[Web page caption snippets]
# # # #

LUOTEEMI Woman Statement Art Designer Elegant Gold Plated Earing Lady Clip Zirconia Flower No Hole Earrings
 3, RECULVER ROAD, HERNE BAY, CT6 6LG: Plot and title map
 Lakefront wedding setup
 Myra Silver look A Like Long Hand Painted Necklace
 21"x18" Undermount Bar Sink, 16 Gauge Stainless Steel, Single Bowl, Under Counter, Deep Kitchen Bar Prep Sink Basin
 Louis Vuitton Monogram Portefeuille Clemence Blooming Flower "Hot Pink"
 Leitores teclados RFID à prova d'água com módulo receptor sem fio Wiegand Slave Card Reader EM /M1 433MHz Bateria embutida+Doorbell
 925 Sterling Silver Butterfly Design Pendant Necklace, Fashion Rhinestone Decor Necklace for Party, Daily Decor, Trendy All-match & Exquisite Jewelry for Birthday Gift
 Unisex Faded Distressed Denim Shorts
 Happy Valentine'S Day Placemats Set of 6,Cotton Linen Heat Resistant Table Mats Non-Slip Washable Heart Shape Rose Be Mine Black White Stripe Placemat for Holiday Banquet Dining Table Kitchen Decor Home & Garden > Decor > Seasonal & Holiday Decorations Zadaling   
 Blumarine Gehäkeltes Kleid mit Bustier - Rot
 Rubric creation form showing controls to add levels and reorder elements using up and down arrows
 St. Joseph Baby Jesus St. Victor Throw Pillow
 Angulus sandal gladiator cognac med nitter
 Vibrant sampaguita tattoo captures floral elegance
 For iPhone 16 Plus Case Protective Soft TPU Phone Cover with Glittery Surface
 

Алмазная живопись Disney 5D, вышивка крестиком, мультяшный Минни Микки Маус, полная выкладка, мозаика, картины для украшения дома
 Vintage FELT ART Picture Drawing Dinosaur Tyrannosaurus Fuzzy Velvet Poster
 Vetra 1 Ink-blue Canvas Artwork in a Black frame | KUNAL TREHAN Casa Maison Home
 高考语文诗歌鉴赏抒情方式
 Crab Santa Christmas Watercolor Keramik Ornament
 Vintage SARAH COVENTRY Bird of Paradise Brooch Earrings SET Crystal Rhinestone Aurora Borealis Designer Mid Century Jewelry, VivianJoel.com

# # # #

Restate verbatim all lines from the start of the data through the line containing "Blumarine Gehäkeltes Kleid mit Bustier - Rot", with both ends kept.

LUOTEEMI Woman Statement Art Designer Elegant Gold Plated Earing Lady Clip Zirconia Flower No Hole Earrings
 3, RECULVER ROAD, HERNE BAY, CT6 6LG: Plot and title map
 Lakefront wedding setup
 Myra Silver look A Like Long Hand Painted Necklace
 21"x18" Undermount Bar Sink, 16 Gauge Stainless Steel, Single Bowl, Under Counter, Deep Kitchen Bar Prep Sink Basin
 Louis Vuitton Monogram Portefeuille Clemence Blooming Flower "Hot Pink"
 Leitores teclados RFID à prova d'água com módulo receptor sem fio Wiegand Slave Card Reader EM /M1 433MHz Bateria embutida+Doorbell
 925 Sterling Silver Butterfly Design Pendant Necklace, Fashion Rhinestone Decor Necklace for Party, Daily Decor, Trendy All-match & Exquisite Jewelry for Birthday Gift
 Unisex Faded Distressed Denim Shorts
 Happy Valentine'S Day Placemats Set of 6,Cotton Linen Heat Resistant Table Mats Non-Slip Washable Heart Shape Rose Be Mine Black White Stripe Placemat for Holiday Banquet Dining Table Kitchen Decor Home & Garden > Decor > Seasonal & Holiday Decorations Zadaling   
 Blumarine Gehäkeltes Kleid mit Bustier - Rot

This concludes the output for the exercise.